BKS BOSTIK ZGO Bielsko-Biała to jeden z najbardziej zasłużonych i utytułowanych klubów w naszym kraju. W najwyższej klasie rozgrywkowej gra nieprzerwanie od 1976 roku. W tym czasie BKS Stal - bo pod taką nazwą zespół startował przez długie lata - zdobyła osiem złotych medali mistrzostw Polski. Ostatni w 2010 roku.
Bialszczanki (klub pochodzi z Białej - dop. red.) od 2011 roku przechodziły kryzys. Wypadły z ligowej czołówki, nie grały w europejskich pucharach. Jednak z roku na rok sytuacja była coraz lepsza, a w sezonie 2023/2024 BKS wywalczył nie tylko Puchar Polski, ale i brązowy medal mistrzostw Polski.
W tym sezonie BKS zaliczany jest do ligowej czołówki. Rozgrywki siatkarki rozpoczęły od wywalczenia Superpucharu Polski, w którym w trzech setach pokonały Lotto Chemik Police.
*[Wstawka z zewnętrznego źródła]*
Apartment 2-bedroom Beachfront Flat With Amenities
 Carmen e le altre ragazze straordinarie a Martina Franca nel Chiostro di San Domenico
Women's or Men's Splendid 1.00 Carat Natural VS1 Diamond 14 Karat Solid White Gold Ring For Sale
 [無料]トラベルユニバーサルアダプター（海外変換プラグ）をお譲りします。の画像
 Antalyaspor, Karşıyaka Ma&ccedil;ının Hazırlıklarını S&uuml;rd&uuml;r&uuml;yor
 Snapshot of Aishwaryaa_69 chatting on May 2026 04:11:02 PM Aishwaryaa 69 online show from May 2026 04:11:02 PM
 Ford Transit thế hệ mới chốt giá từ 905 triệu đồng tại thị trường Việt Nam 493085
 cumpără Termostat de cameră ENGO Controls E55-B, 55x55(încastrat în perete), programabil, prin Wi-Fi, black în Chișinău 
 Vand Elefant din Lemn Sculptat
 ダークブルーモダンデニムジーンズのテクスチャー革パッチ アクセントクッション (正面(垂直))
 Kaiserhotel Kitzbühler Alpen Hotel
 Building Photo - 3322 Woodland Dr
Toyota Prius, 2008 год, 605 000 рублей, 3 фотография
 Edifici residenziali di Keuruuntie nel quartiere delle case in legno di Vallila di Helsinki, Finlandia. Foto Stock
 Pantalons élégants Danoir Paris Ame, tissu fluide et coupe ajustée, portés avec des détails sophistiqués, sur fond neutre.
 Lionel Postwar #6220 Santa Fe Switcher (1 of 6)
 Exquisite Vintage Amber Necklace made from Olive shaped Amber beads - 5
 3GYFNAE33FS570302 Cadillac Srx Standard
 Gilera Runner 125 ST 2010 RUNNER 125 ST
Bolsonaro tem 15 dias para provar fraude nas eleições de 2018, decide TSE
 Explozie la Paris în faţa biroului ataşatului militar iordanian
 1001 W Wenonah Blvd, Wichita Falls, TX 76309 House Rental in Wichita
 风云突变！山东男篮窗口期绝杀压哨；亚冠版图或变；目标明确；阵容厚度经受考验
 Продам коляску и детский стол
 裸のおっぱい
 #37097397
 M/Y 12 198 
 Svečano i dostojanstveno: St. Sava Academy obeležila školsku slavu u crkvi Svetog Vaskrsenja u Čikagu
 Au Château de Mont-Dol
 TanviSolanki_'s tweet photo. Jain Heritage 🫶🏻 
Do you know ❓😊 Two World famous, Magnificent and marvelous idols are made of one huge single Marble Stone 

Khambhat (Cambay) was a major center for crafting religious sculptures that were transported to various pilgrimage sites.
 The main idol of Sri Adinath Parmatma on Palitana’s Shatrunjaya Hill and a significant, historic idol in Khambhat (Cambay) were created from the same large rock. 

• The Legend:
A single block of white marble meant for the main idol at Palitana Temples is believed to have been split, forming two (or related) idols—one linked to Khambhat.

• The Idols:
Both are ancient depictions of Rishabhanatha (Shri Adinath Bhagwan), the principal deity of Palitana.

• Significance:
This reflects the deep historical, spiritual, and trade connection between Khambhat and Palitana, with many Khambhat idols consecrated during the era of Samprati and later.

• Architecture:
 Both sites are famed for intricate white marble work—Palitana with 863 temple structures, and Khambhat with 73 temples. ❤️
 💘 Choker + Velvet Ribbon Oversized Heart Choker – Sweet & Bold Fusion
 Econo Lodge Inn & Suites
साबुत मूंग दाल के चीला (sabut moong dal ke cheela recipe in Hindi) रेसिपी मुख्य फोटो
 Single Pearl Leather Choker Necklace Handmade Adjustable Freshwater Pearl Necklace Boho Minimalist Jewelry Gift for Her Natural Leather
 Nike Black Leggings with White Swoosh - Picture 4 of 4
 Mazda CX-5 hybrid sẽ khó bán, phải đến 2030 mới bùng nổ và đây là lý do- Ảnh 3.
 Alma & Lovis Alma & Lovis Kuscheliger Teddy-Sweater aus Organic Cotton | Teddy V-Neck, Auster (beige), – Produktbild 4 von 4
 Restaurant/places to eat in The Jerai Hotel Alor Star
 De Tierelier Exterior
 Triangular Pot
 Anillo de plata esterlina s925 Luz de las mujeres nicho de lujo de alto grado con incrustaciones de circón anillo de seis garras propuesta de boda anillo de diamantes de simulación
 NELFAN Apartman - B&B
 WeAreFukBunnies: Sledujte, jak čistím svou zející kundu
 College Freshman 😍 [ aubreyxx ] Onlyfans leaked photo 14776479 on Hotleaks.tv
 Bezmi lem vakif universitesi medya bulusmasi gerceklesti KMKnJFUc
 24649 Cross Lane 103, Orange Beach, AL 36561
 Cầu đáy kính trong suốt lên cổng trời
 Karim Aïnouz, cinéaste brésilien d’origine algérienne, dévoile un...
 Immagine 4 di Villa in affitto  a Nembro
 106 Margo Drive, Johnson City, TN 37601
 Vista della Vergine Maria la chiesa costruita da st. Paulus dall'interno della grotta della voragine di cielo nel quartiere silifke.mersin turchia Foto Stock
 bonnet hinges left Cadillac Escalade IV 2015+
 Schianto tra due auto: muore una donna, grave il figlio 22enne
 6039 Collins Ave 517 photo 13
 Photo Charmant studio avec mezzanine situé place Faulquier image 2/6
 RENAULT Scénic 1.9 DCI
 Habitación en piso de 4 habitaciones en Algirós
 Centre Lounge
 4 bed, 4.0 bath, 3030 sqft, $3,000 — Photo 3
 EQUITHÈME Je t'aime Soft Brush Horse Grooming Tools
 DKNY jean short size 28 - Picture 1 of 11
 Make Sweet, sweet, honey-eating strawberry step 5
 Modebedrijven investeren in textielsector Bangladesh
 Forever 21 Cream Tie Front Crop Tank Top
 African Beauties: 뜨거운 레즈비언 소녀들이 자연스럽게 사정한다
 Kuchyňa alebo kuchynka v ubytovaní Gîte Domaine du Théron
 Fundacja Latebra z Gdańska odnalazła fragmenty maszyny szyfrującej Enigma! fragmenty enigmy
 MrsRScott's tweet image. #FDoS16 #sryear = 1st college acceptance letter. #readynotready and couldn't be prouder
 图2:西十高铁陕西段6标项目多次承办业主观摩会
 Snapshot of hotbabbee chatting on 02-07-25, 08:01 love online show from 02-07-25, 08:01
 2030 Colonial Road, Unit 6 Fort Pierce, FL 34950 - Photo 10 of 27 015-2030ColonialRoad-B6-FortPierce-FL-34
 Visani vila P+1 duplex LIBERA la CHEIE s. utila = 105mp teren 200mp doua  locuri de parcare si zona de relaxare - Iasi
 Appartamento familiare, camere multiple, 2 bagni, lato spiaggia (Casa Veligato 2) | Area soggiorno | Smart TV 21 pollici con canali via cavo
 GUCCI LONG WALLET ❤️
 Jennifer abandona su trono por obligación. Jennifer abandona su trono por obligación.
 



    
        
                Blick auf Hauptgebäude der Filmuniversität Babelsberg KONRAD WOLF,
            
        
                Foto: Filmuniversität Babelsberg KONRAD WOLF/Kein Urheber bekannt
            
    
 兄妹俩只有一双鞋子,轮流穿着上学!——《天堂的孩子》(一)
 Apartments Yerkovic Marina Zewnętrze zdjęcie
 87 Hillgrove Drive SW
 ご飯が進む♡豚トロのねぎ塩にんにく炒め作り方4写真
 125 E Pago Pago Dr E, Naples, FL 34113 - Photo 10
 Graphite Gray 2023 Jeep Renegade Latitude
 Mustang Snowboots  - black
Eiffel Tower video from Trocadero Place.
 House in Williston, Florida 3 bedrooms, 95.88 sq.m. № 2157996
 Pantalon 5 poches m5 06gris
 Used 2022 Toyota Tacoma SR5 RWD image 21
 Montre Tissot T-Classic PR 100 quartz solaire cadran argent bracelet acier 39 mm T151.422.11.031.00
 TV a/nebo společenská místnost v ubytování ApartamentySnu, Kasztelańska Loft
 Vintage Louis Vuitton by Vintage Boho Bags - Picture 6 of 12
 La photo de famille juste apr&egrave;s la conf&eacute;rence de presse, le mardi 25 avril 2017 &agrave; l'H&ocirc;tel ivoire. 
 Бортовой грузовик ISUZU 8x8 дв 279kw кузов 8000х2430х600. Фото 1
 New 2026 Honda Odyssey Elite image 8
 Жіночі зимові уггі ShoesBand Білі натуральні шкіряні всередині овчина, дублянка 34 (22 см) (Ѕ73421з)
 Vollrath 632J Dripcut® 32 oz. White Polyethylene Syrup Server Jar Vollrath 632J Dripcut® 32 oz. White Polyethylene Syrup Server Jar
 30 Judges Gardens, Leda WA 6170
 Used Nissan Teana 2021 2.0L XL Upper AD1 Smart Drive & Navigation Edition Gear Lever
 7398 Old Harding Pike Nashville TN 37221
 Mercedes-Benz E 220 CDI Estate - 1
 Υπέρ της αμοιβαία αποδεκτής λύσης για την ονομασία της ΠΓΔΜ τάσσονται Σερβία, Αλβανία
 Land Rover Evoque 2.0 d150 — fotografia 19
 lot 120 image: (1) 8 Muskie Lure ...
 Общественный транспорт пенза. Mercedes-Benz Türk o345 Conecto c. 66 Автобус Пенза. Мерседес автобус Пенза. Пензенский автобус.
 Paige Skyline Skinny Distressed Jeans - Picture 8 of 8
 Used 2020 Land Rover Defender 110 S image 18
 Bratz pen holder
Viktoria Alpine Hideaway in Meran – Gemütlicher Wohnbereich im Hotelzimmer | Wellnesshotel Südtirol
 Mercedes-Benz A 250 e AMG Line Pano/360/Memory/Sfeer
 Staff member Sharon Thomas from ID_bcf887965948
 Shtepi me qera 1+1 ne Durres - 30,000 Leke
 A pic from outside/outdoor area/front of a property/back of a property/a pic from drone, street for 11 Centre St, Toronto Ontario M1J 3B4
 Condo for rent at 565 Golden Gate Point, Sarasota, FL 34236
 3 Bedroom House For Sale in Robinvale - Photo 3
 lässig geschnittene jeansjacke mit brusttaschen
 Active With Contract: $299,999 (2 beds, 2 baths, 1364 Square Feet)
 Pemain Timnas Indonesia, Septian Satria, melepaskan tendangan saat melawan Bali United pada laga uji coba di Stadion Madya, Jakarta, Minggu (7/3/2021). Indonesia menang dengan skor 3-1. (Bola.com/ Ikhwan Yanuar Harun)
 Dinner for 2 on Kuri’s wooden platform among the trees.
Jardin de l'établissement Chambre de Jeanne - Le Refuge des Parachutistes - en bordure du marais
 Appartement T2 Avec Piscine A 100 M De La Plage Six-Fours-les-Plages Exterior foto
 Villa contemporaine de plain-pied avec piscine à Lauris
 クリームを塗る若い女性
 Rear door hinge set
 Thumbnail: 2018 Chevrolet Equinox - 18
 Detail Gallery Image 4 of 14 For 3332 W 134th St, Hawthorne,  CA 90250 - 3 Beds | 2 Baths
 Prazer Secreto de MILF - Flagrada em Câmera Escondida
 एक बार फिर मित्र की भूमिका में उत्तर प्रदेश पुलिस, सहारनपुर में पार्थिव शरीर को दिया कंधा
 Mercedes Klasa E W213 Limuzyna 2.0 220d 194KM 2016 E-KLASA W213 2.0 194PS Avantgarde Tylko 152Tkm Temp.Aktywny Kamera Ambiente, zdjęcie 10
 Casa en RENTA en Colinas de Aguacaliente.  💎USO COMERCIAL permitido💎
ZOBACZ WIDEO: #dziejesiewsporcie: Szalony taniec mistrzyni olimpijskiej z Tokio! Fani są zachwyceni
- Jesteśmy strasznie szczęśliwe. Cieszymy się, że miałyśmy możliwość grania superpucharu przed sezonem. Daje nam to dużo siły, motywacji i wiary w to, że może to dobrze wyglądać - powiedziała po meczu libero BKS-u Kinga Drabek.
Twórcą sukcesów BKS-u są m.in. prezes Aleksandra Jagieło i trener Bartłomiej Piekarczyk. - BKS to klub, który dał mi szansę i zaufał mi. To mój dziesiąty sezon w tutaj. Współpraca układa nam się znakomicie i z tego się cieszymy. Ufamy sobie, robimy dobrą pracę i ten mecz jest dobrym prognostykiem na przyszłość - powiedział szkoleniowiec.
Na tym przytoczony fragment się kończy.